- _THE TASK_: Taking the data below, please print only the lines from the line holding "NEFF N50 S155HVX00G" to the line holding "Rust Valley Restorers Show", inclusive, with pictures omitted.

- _DATASET ENTRIES_:
⟨

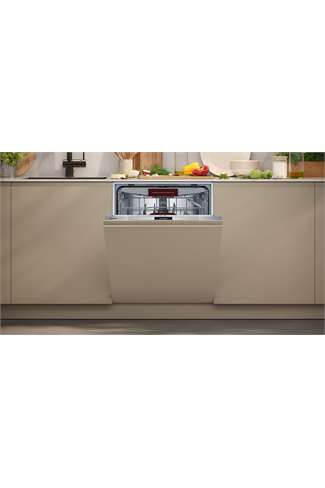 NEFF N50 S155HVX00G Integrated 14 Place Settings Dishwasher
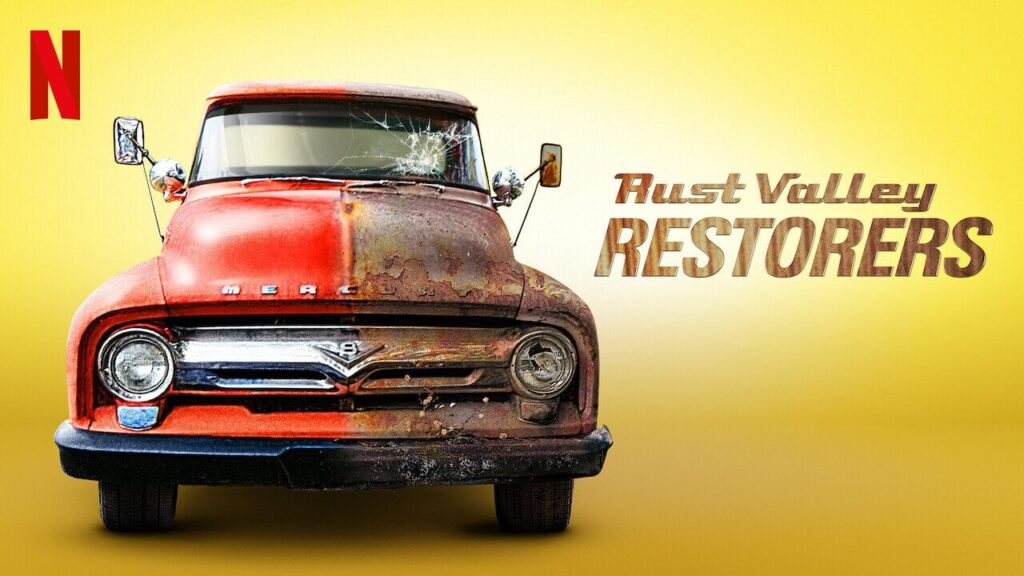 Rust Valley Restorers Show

⟩
⟨

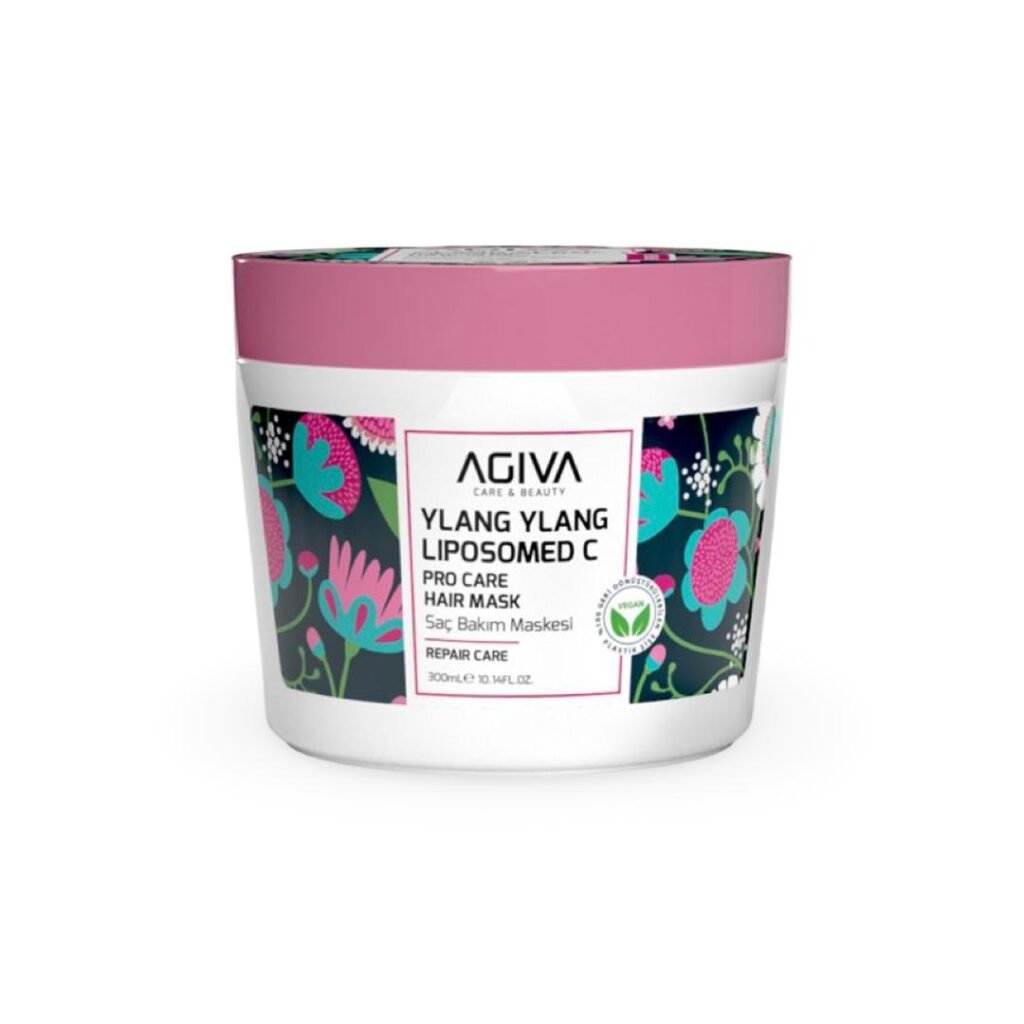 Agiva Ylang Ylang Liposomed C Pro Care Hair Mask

⟩

- _EXERCISE RESPONSE_:
 NEFF N50 S155HVX00G Integrated 14 Place Settings Dishwasher
 Rust Valley Restorers Show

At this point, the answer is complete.